What looked at first like an ill considered, quickly made decision taken without due consultation looks today like a conscious choice to cast aside the usual processes of deliberation and the customary deference to scholarly expertise. The relevance of donor and political pressure on the decision remains one of the uncertainties in the case. What we do know now is that the university had already hired lawyers before sending the fateful letter to Salaita (and that they have since spent hundreds of thousands of dollars on those lawyers, with no clear end in sight).

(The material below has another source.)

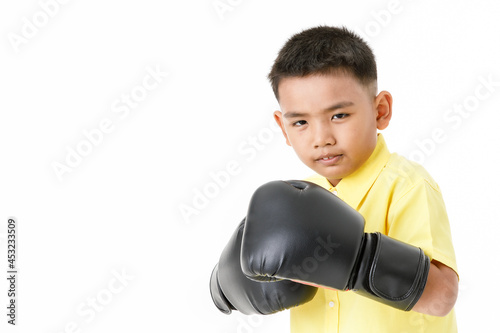 Cutout portrait of healthy Asian boy on yellow shirt wearing black boxing gloves, confidently standing and ready to fight with high intension and strong effort to win sport or game competition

We also know that the chancellor and provost did consult very selectively with faculty members; they simply did not consult with those who had any standing in the hiring or tenure process, nor with those who had any expertise in the various areas that the Salaita controversy — or for that matter Salaita’s scholarship — concerned. In contrast to the first moments of the controversy, today it is hard to see the unhiring as a simple blunder; it appears rather as the result of a calculation — or, better, miscalculation — about the relative “costs” to the university of hiring or not hiring Salaita.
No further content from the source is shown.